O tradutor do hino, o ilustre pastor e hinista Ricardo Pitrowsky, estava passando por duras provas. Descrevendo a ocasião em que este hino falou ao seu coração e ele o traduziu, disse:

No início do meu pastorado na Igreja Batista do Engenho de Dentro [de 1918 em diante] sofri ataques tremendos por agentes de Satanás com calúnias contra mim, com o propósito de forçar-me a demitir-me deste pastorado. Entretanto, como nenhuma das acusações pôde ser provada, fui fortificado pelo fato de que não havia nada na minha vida que pudesse quebrar a minha comunhão com Deus. Continuei firme no meu lugar através da paz que Deus proporcionou a meu coração. Esta experiência e uma outra semelhante que acontecera com o Dr. John W. Shepard, diretor do nosso Seminário no Rio, me incentivaram a traduzir este hino, que dediquei ao Dr. Shepard.4

(Ver mais dados biográficos deste hinista e incansável revisor do Cantor Cristão no HCC 114)
 

Bentley DeForest Ackley (1872-1958), irmão do hinista Alfred Henry Ackley (ver HCC 66), nasceu em Spring Hill, Estado de Pensilvânia. Ainda criança, aprendeu a tocar o melodeon (pequeno harmônio portátil), piano, clarinete e pífaro. Como Alfred, acompanhava seu pai em viagens de ensino musical, e tocava na sua banda de 14 componentes. Em 1888, Bentley foi a Nova Iorque estudar taquigrafia. Durante seus estudos, serviu como organista em igrejas daquela cidade. Em 1907, uniu-se com a equipe evangelística Billy Sunday-Homer Rodeheaver, viajando com eles como pianista e secretário, por oito anos.
Providenciava novos hinos para a congregação, coro e para solos. Mais tarde foi compositor e editor da Rodeheaver Publishing Company. Em 1930, Ackley encontrou-se com o ilustre pastor-missionário e hinista Oswald J. Smith (ver HCC 66). Colaboraram em mais de 100 gospel songs (ver HCC 112).

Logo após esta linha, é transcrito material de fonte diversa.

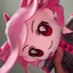 ZAYA (@dudeboo3) Twitter profile photo ZAYA (@dudeboo3) Twitter profile photo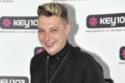 John Newman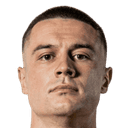 Oliver Marc Rose-Villadsen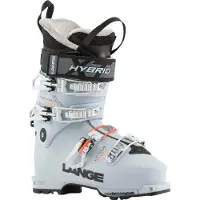 Lange Xt3 Tour Hybrid Mv Gw Skistøvler Til Kvinder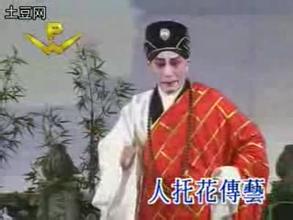 著名粤剧表演艺术家罗家宝去世, 罗家宝个人资料背景有哪些名曲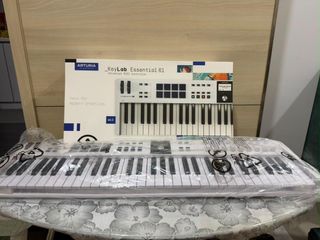 (Category: ) located in . Submitted by tama.02 (Listing ID 1469702673, Image 1). Description: .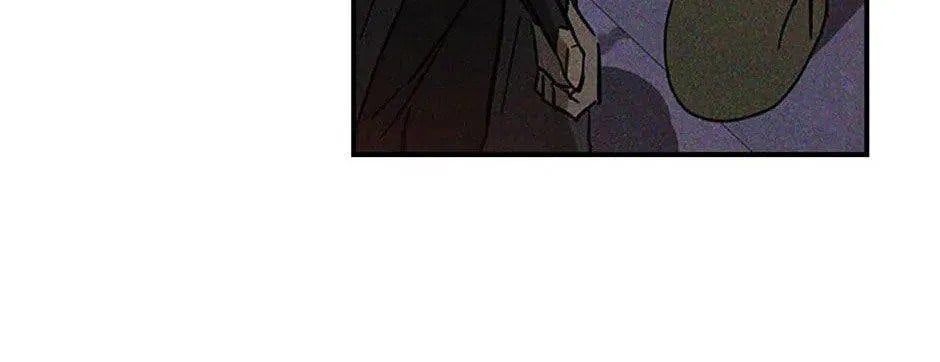 Chiền Thần Tự Sát Hồi Quy Chap 113 - Next Chap 114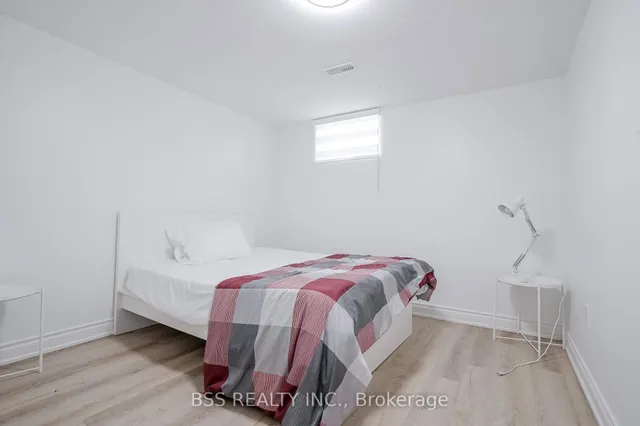 Additional image 42 of 120 Bertrand Ave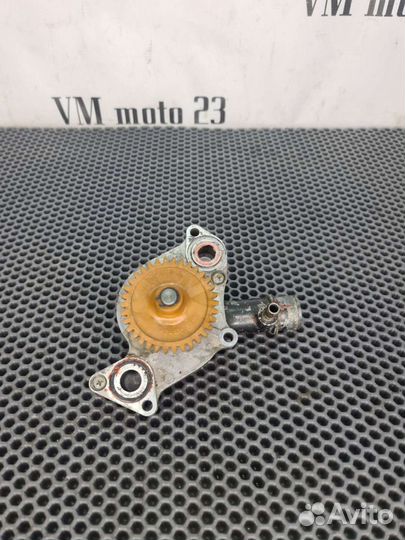 Помпа Suzuki sv400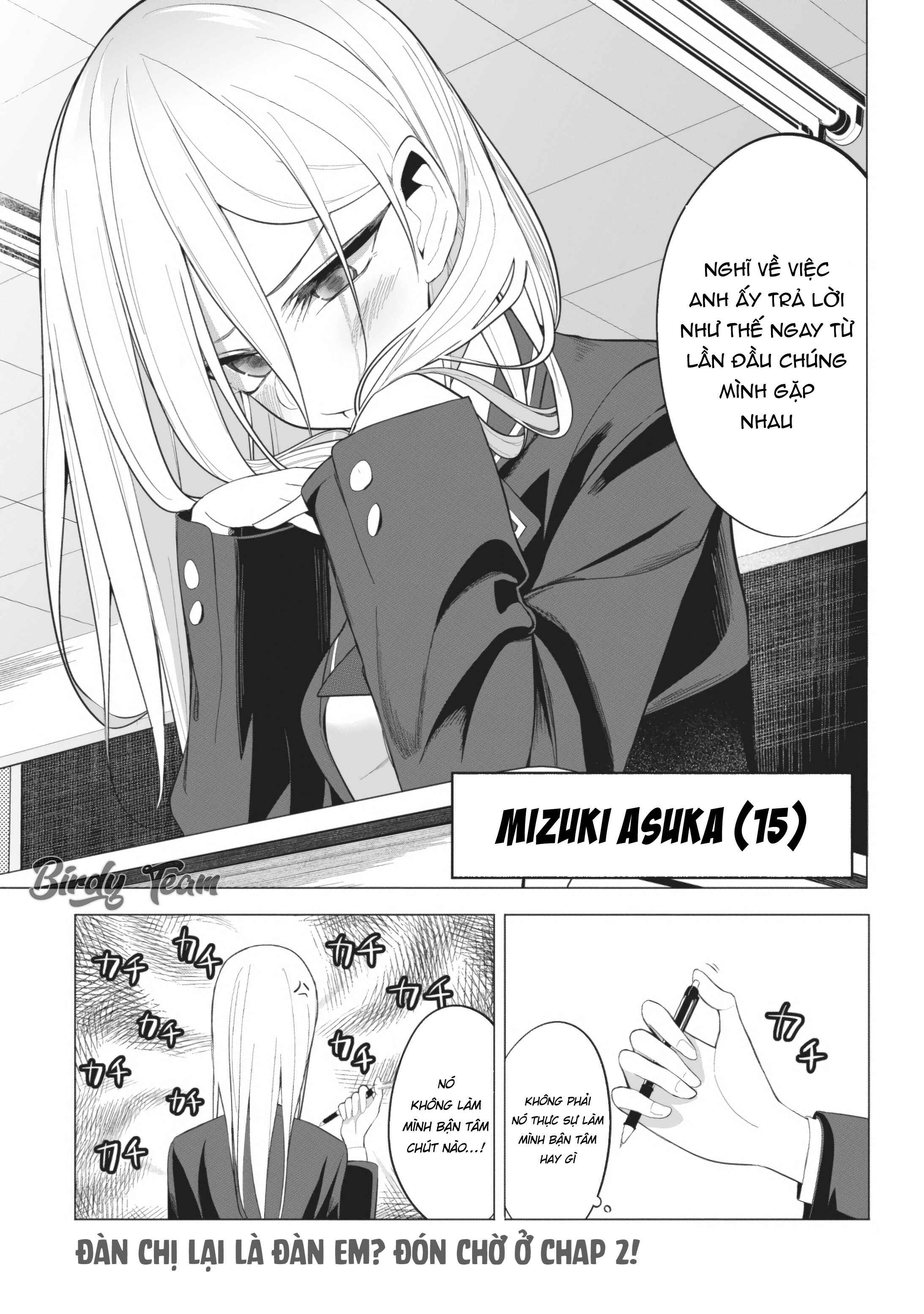 Chapter 1 - Page 11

Ao longo dos anos, Ackley compôs mais de 3.000 melodias. Há mais de 30 delas nos hinários evangélicos do Brasil. O Hinário para o culto cristão inclui, além desta, as melodias dos hinos 338, 454 e 491. Em reconhecimento à contribuição deste dedicado músico à música sacra, a Universidade Bob Jones lhe conferiu o Doutorado em Música Sacra (honoris causa) em 1958, pouco tempo antes do seu falecimento. A Subcomissão de Música do HCC escolheu o nome CORAÇÃO EM PAZ para este hino de vitória, ecoando a mensagem central da letra. 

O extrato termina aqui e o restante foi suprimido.